* **Aim of the task**
Every record must be written out once more, with nothing added or omitted.

*** Records for the exercise Section Begins ***

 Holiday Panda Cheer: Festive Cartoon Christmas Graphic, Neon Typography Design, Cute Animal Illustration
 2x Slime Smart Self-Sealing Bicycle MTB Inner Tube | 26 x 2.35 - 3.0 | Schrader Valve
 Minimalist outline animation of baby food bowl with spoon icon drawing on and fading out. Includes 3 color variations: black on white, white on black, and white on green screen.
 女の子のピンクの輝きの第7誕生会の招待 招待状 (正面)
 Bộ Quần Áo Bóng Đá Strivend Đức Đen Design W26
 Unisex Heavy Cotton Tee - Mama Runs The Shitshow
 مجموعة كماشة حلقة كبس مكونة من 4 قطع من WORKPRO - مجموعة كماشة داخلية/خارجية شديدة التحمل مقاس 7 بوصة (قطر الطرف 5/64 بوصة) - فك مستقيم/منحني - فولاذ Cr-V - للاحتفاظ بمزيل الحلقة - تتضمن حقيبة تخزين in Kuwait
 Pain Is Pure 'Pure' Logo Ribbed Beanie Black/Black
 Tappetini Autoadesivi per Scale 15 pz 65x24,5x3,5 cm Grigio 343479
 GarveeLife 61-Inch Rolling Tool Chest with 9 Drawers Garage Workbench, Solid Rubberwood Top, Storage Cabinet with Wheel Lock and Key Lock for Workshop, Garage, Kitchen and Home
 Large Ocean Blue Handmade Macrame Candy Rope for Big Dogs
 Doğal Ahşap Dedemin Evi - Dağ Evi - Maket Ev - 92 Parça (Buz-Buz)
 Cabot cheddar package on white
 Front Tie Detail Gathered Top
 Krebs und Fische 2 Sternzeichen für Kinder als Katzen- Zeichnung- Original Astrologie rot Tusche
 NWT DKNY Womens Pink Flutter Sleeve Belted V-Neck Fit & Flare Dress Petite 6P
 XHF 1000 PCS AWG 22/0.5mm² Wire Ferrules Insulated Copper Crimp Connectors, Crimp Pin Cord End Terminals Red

*** Records for the exercise Section Ends ***

* **Answer to the exercise**
 Holiday Panda Cheer: Festive Cartoon Christmas Graphic, Neon Typography Design, Cute Animal Illustration
 2x Slime Smart Self-Sealing Bicycle MTB Inner Tube | 26 x 2.35 - 3.0 | Schrader Valve
 Minimalist outline animation of baby food bowl with spoon icon drawing on and fading out. Includes 3 color variations: black on white, white on black, and white on green screen.
 女の子のピンクの輝きの第7誕生会の招待 招待状 (正面)
 Bộ Quần Áo Bóng Đá Strivend Đức Đen Design W26
 Unisex Heavy Cotton Tee - Mama Runs The Shitshow
 مجموعة كماشة حلقة كبس مكونة من 4 قطع من WORKPRO - مجموعة كماشة داخلية/خارجية شديدة التحمل مقاس 7 بوصة (قطر الطرف 5/64 بوصة) - فك مستقيم/منحني - فولاذ Cr-V - للاحتفاظ بمزيل الحلقة - تتضمن حقيبة تخزين in Kuwait
 Pain Is Pure 'Pure' Logo Ribbed Beanie Black/Black
 Tappetini Autoadesivi per Scale 15 pz 65x24,5x3,5 cm Grigio 343479
 GarveeLife 61-Inch Rolling Tool Chest with 9 Drawers Garage Workbench, Solid Rubberwood Top, Storage Cabinet with Wheel Lock and Key Lock for Workshop, Garage, Kitchen and Home
 Large Ocean Blue Handmade Macrame Candy Rope for Big Dogs
 Doğal Ahşap Dedemin Evi - Dağ Evi - Maket Ev - 92 Parça (Buz-Buz)
 Cabot cheddar package on white
 Front Tie Detail Gathered Top
 Krebs und Fische 2 Sternzeichen für Kinder als Katzen- Zeichnung- Original Astrologie rot Tusche
 NWT DKNY Womens Pink Flutter Sleeve Belted V-Neck Fit & Flare Dress Petite 6P
 XHF 1000 PCS AWG 22/0.5mm² Wire Ferrules Insulated Copper Crimp Connectors, Crimp Pin Cord End Terminals Red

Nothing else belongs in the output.